If we had such a function, we could test programs in our interpreter and signal when they fail to halt. But, as we will see, there is no way to complete the definition of halting?. Suppose there were. Then consider the following interesting function.

 ; perverse: sexp -> boolean (define (perverse x) (cond [(halting? x x) (eternity 1)] [else true]))

Let p be the list of S-expressions with the definitions of halting?, eternity, and perverse.

We now consider the following question: Does (perverse p) halt or not?

It has to do one or the other. But we will see that in either case, we reach a contradiction. Thus our assumption that halting? could be written is incorrect.

Suppose (perverse p) halts. Examining the code for perverse, we see that (halting? p p) must evaluate to false, otherwise the answer (eternity 1) would be evaluated. But if (halting? p p) is false, then the last function in p, when given the argument p, must not halt. The last function in p is perverse. Thus (perverse p) does not halt, a contradiction.

Now suppose (perverse p) does not halt. Examining the code for perverse, we see that (halting? p p) must evaluate to true, otherwise the else case is reached. But if (halting? p p) is true, then the last function in p, when given the argument p, must halt. The last function in p is perverse. Thus (perverse p) does halt, a contradiction.

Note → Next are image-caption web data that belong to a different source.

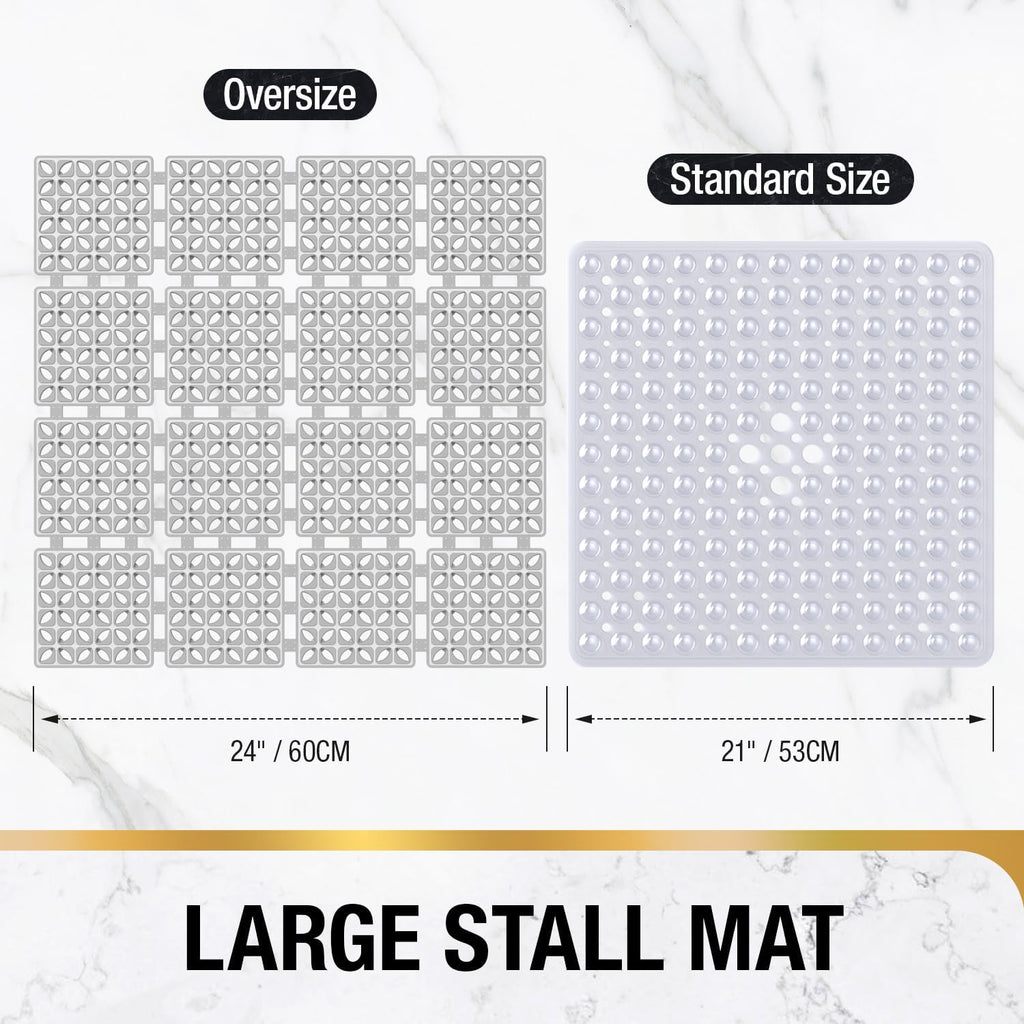 HITSLAM Shower Mat Anti Slip, 24x24 Inch Cut to Fit No Odor Soft TPE Shower Stall Mat, Square Bath Mat with Suction Cups and Drain Holes, Soft on Feet, Grey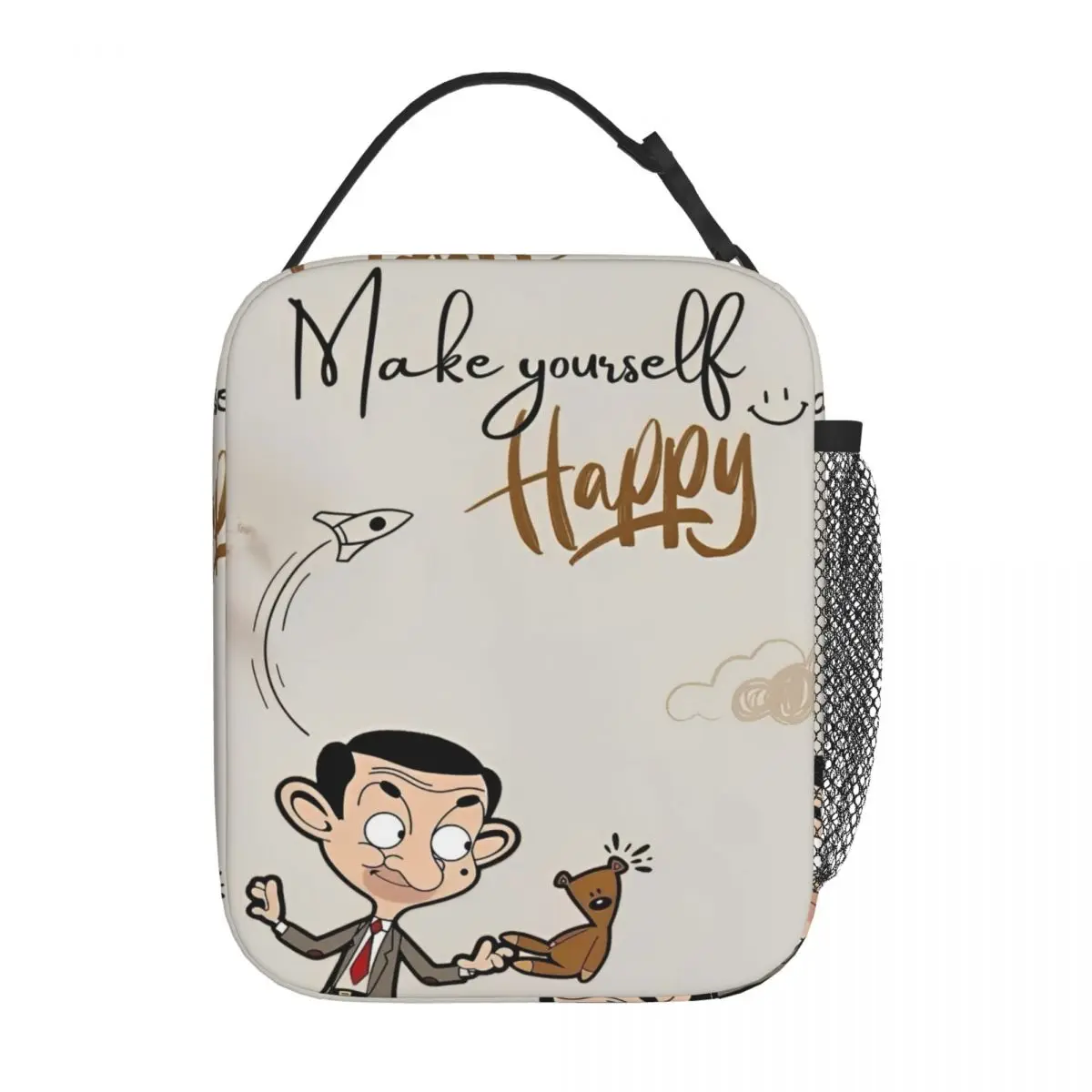 

Mr Beans Cartoon Insulated Lunch Bags Portable Reusable Thermal Bag Tote Lunch Box School Outdoor Food Storage Bags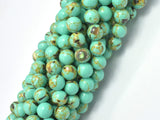 Shell Turquoise Howlite-Green, 6mm (6.5mm)-Gems: Round & Faceted-BeadDirect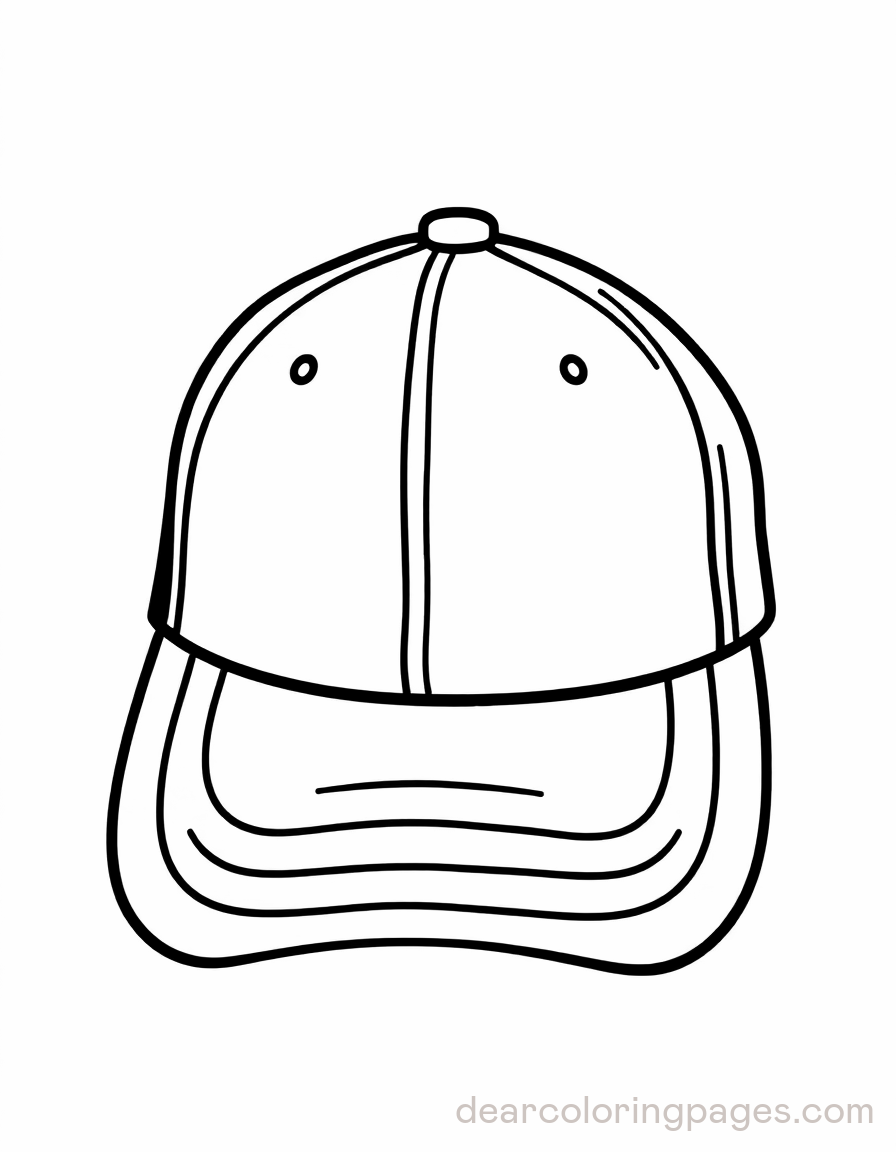 Baseball Coloring Page - Baseball Cap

This proof is due to Alan Turing, from 1936. A few months after Alonzo Church defined the lambda calculus and showed that there was no function that could tell if two lambda calculus expressions were equivalent (a lengthy proof that drew heavily on Gödel’s incompleteness proof), Turing defined what is now known as a Turing machine (another theoretical model of computation) and showed that there was no Turing machine program that could tell if a Turing machine program could halt. That proof, adapted to Racket (which is just the lambda calculus with syntactic sugar for notational convenience) is what we’ve just seen.

Both Church and Turing were trying to demonstrate the impossibility of the formalist goal of an algorithm that could decide whether any statement in first-order predicate logic had a proof or not. Although their motivation was firmly centred in logic, the work of these two men had a major influence on the development of computer science.